Crustal thickness globe (updated)

thingiverse

**Update 11/2019**: Added a second version with correct crustal thickness and no space for magnets, boasting 50x vertical exaggeration. This globe of the earth's topography opens to reveal the base of the crust (moho), an excellent aid for teaching and outreach in geology and geophysics. The relief at the surface and on the base of the crust are at the same scale (50x vertical exaggeration), making it a fantastic tactile way to explore the structures beneath our feet. The earth's topography is controlled by the thickness of the crust, which is lighter than deeper mantle rocks. As a result, crust is buoyant and "floats" at the earth's surface. If you want to know more about this concept, just Google "isostasy". This means that most high places like mountains have roots, much like an iceberg.

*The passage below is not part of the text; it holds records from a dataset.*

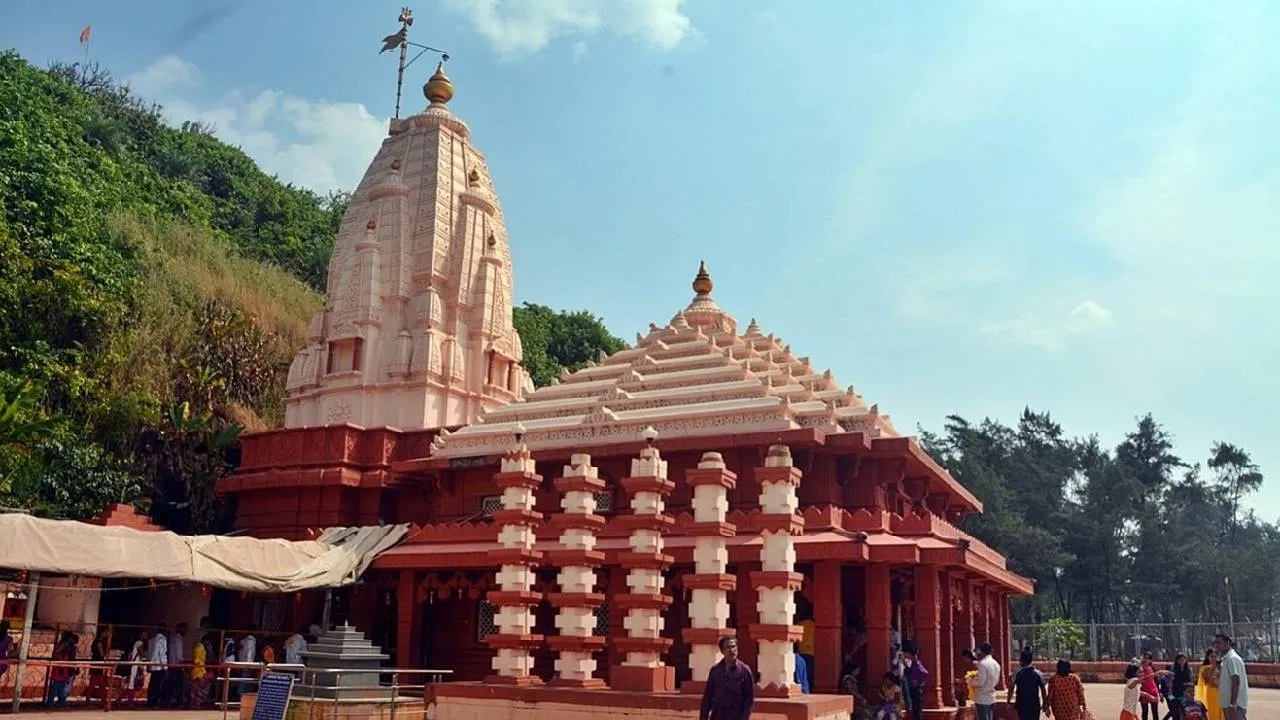 गणपतीपुळेला पर्यटकांची पहिली पसंती; शिमगोत्सवात पर्यटकांबरोबरच चाकरमान्यांची गर्दी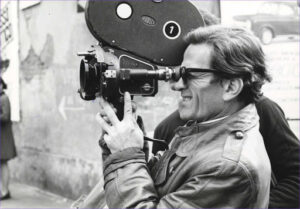 Pier Paolo Pasolini alle prese con una cinepresa.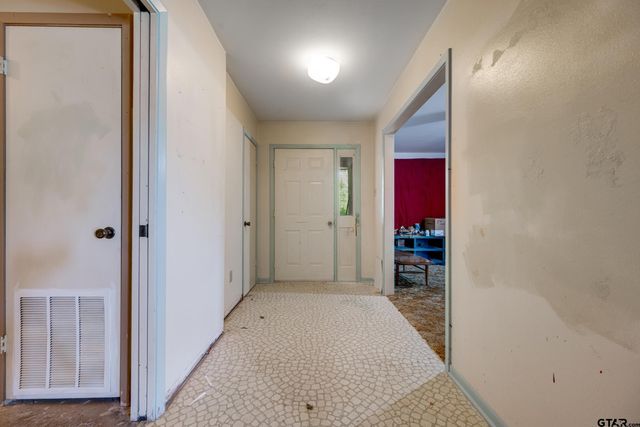1054 AN COUNTY ROAD 415, Palestine, TX 75801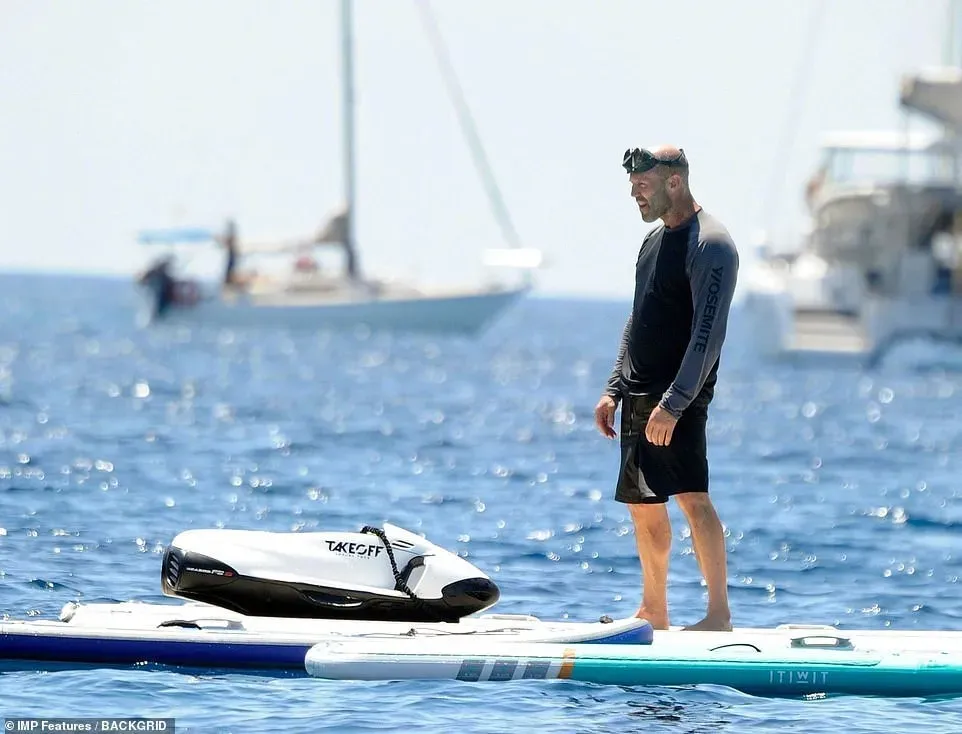 Rosie Huntington-Whiteley and Jason Statham on holiday at sea | FMV6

The topography we see at the surface is small compared to the amount beneath it. Notice how the thickest areas of the model are found in the Himalayas, where crust reaches 80 km thick, and beneath the high Andes. Correspondingly, deep oceans with low topography are associated with thin crust. There are two models uploaded here: * The first version is scaled correctly to crustal thickness but lacks space for magnets, so it doesn't have a closing mechanism. It also has a small contact area with the print bed, which may cause adhesion issues and requires printing with a raft. * The second version is designed to be printed with embedded 5x2mm neodymium magnets by inserting gcode to pause the print and allow the magnets to be inserted at the correct layer. (Note for teachers/geeks/pedants: This crustal thickness is not to scale; surface relief and relief of the base of crust are at the same scale, but additional constant thickness was added to make it 3D printable and have space for magnets about 3.5 mm at 100% scale.) **Source data:** * Topography: ETOPO1 (https://www.ngdc.noaa.gov/mgg/global/) * Moho depth: CRUST1.0 (https://igppweb.ucsd.edu/~gabi/crust1.html)